I’m not quite sure how valid this point is. It reads more like the NYC Bar Association glossing over the rare but legitimate instances of compliance officers deliberately committing misconduct, to get back to the bar association’s main thesis that compliance officers shouldn’t be held liable for larger failures of conduct at their firms.

Mitigating Factors

And should regulators ever consider mitigating factors that might absolve a CCO of liability? Sure, the bar association said; and then it proposed three such factors:

  • Did structural or resource challenges hinder the CCO’s performance?
  • Did the CCO at issue voluntarily disclose and actively cooperate?
  • Were policies and procedures proposed, enacted or implemented in good faith?

For example, if the CCO did draft strong policies and procedures, but senior management then ignored those policies or didn’t give the CCO adequate resources to put them into effect, the compliance officer shouldn’t be left holding the bag for that neglect since it’s not his or her fault. “Individual liability will not have the intended effect when imposed on CCOs who reasonably carried out their duties,” the framework says.

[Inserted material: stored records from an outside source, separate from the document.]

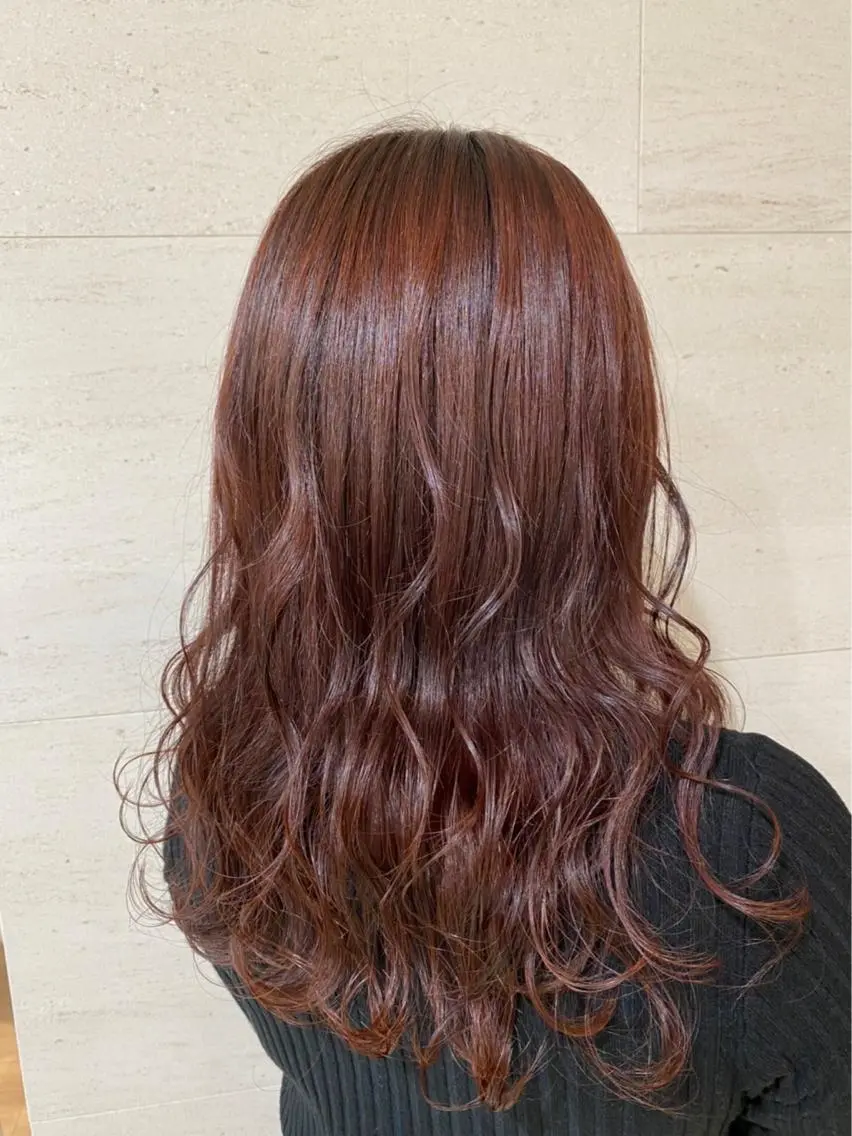 ロング 齋藤 尋真のヘアスタイル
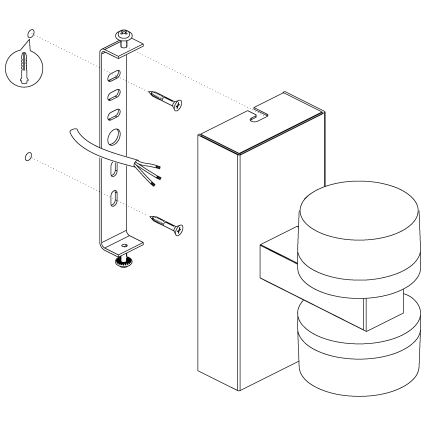 Eglo - LED Ljusreglerad Vägglampa för badrum 2xLED/7,2W/ IP44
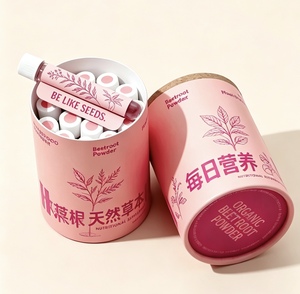 Tubo de Papel Redondo Ecológico de Grado Alimenticio, Envase Circular para Polvo Probiótico y Suplementos para la Salud - Product Image 4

Of course, “reasonably” is the key word in that last sentence. Which does bring up an important point: 

As a result, whether appropriate procedures existed and whether compliance with those procedures was monitored are highly relevant factors to be evaluated when attempting to distinguish between an unfortunate but good faith compliance failure and a failure resulting from culpable conduct.

That’s something to contemplate if you’re a compliance officer who’s over-worked, under-resourced, and wondering whether your struggling compliance efforts will ever explode into regulatory trouble for your firm. The above passage is what your defense lawyer would make to the SEC — so be sure that you have the “appropriate procedures existed” and “compliance with those procedures was monitored” parts locked down. If not, that’s on you.

So What Happens Next?

That remains unclear. The NYC Bar Association does have friends for the cause, including Republican SEC commissioner Hester Peirce and numerous other current or former SEC staffers. Plenty of people in the building do want compliance officers to understand that the commission views them as valuable allies, not potential enforcement targets.

Still, there’s also the reality that enforcement against compliance officers is a rare thing, and in the few cases we do see, the conduct of the compliance officers usually doesn’t do them any favors. So I wonder whether CCO liability will crack the SEC’s priority list, when the agency has so many other pressing issues that need attention right now.